Created attachment 638234 [details] TCP Dump at start of BAD_STATEID error Please find attached the tcp dump capturing the start of the problem. Here are some observations in order to help read the file: Packets 1-4350: Normal NFS traffic ------- At Packet ~4350: Network Connection Drop ------- Packets 4350-6966: Some NFS traffic, incl mostly GETATTR. Server replies with NFS4ERR_ADMIN_REVOKE often ------- Packets 6966-14928: Looong sequence of only NFS4ERR_ADMIN_REVOKE from server! ------- Packets 14928-15016: Very few WRITES from the client, then: ------- Packets 15016-END: Mostly only NFS4ERR_BAD_STATE and NFS4ERR_ADMIN_REVOKE from now on from the server.
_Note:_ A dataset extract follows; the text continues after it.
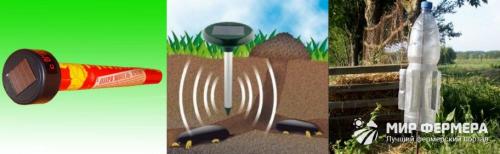Борьба с кротами. Как избавиться от кротов: самые эффективные способы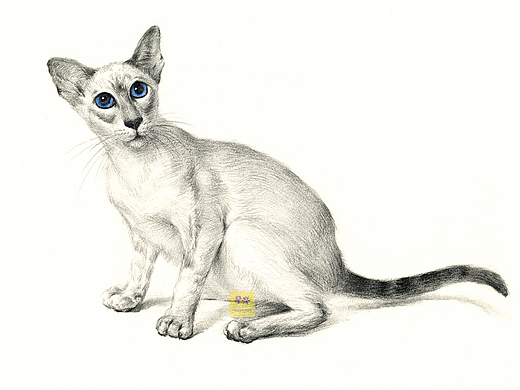 素描动物猫咪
Hmmm... looks like I really dropped the ball here. Sorry. Here have been a number of NFS state management bugs fixed in the last several month, so maybe this has been fixed. Can you try a recent kernel and see if the problem is still there (or maybe you have already) Again: sorry for dropping this.
Sorry we didn't get anywhere with this. I'm going to close the bug now on the assumption that it is fixed with later kernels. If you are still experiencing problems, please re-open.